--- START ---

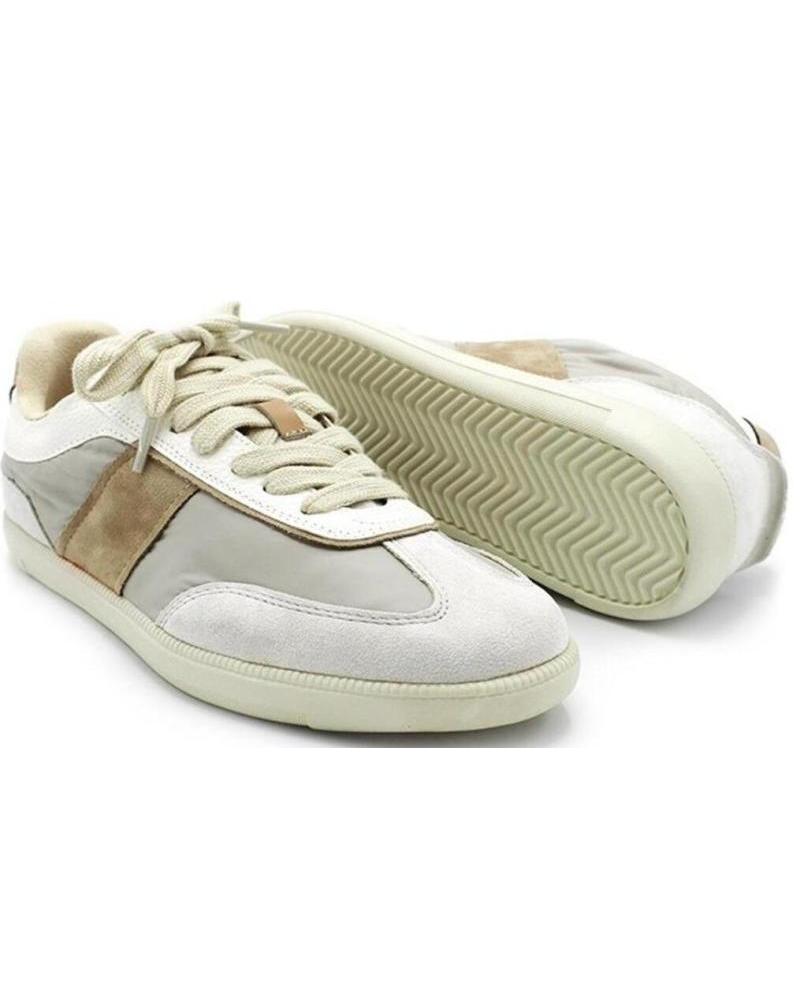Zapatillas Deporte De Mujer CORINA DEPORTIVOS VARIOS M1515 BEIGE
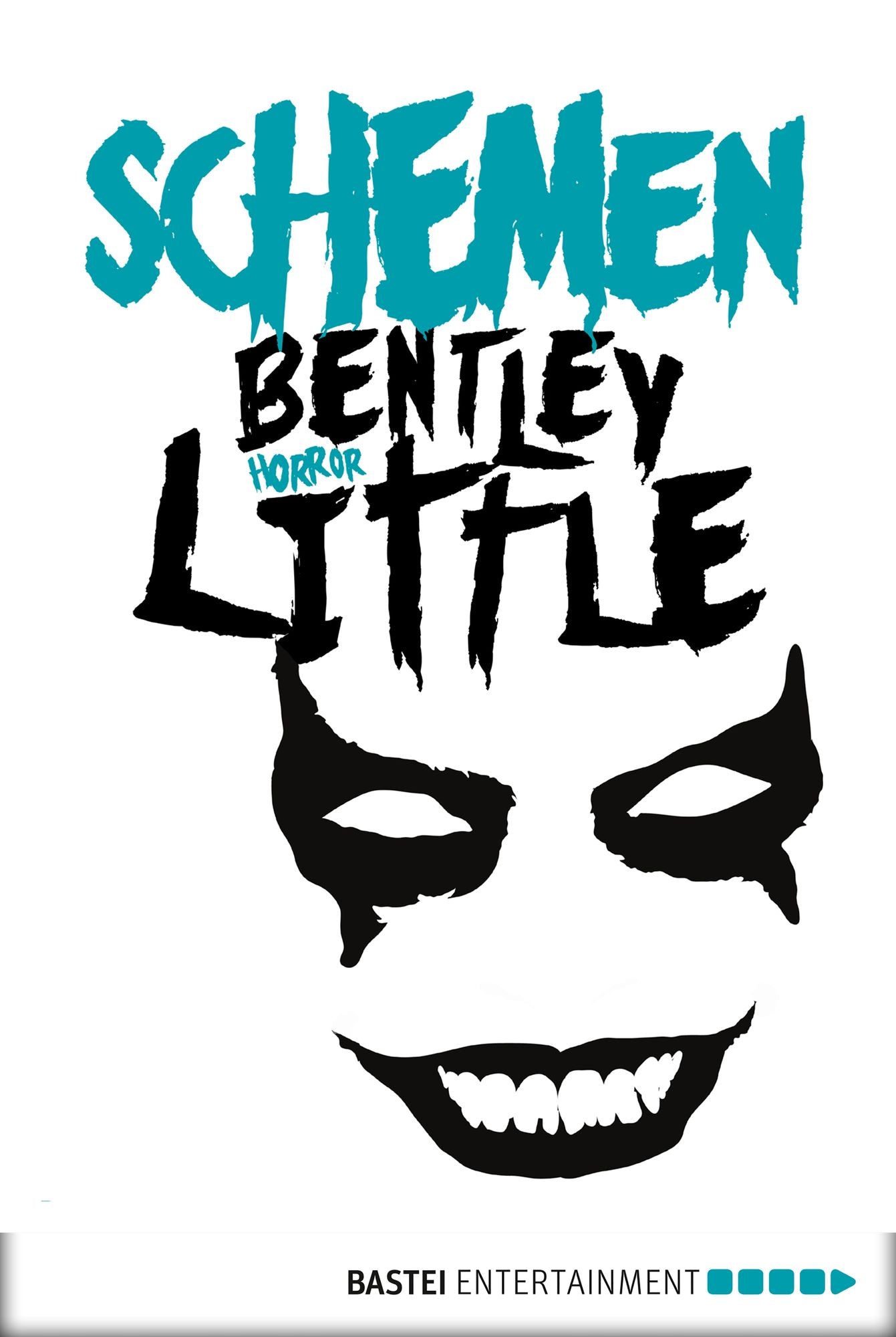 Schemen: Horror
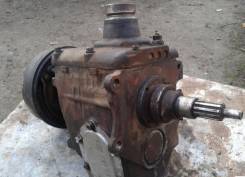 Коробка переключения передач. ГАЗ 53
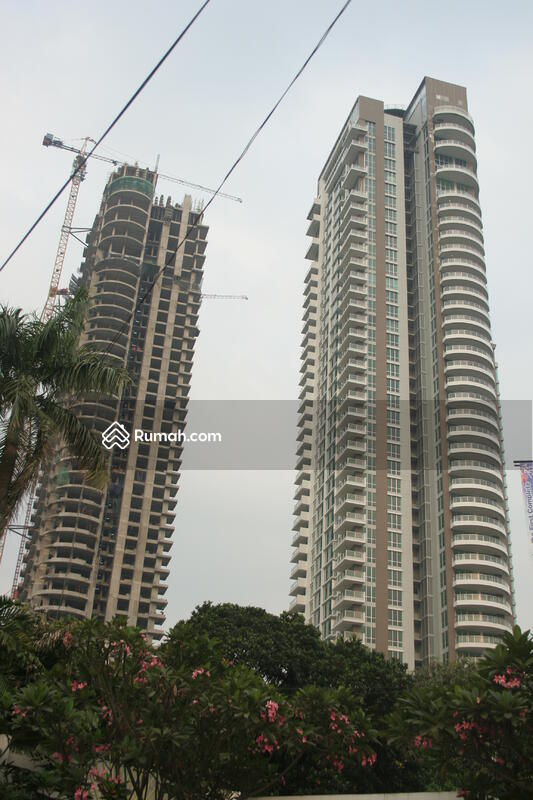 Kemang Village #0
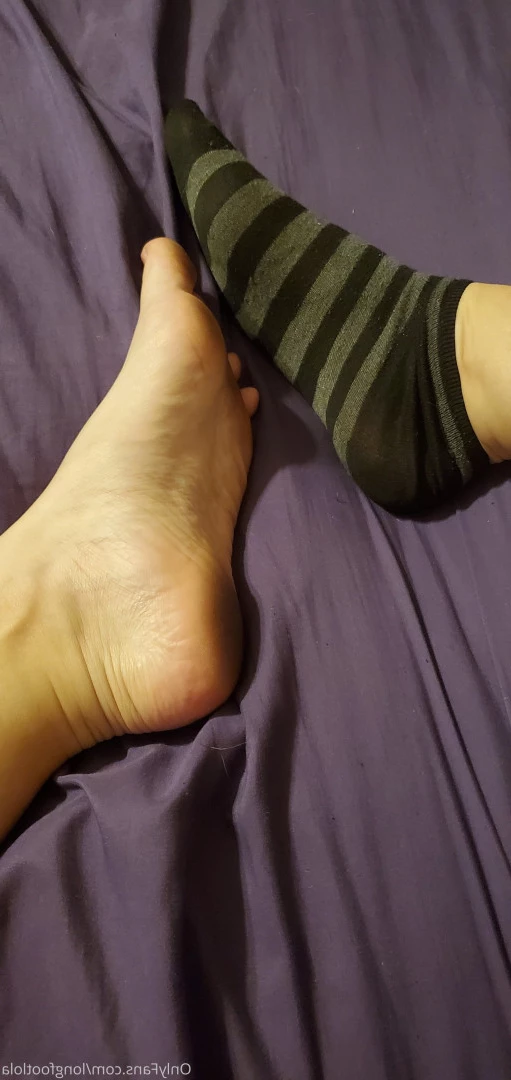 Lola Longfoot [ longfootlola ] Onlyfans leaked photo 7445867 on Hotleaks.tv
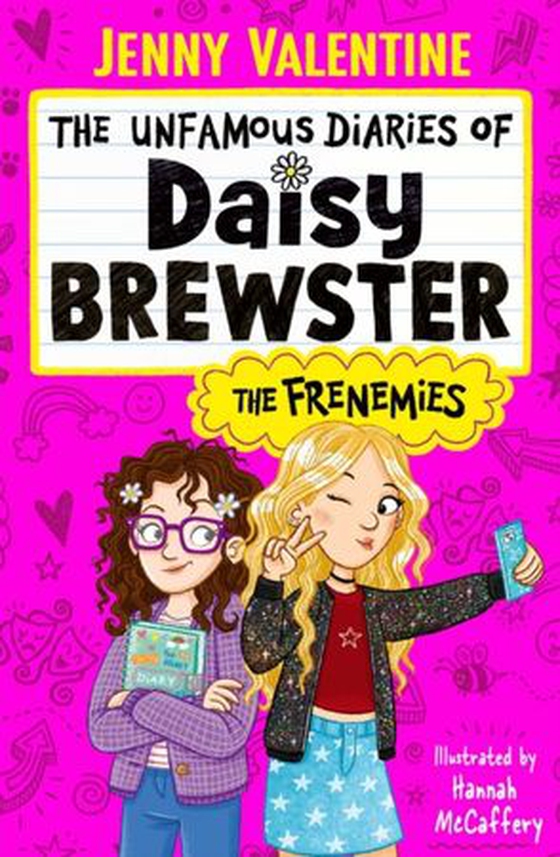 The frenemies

--- END ---

### TASK INSTRUCTIONS
Reproduce all of the entries above word for word, but leave out their pictures.

### TASK ANSWER
Zapatillas Deporte De Mujer CORINA DEPORTIVOS VARIOS M1515 BEIGE
 Schemen: Horror
 Коробка переключения передач. ГАЗ 53
 Kemang Village #0
 Lola Longfoot [ longfootlola ] Onlyfans leaked photo 7445867 on Hotleaks.tv
 The frenemies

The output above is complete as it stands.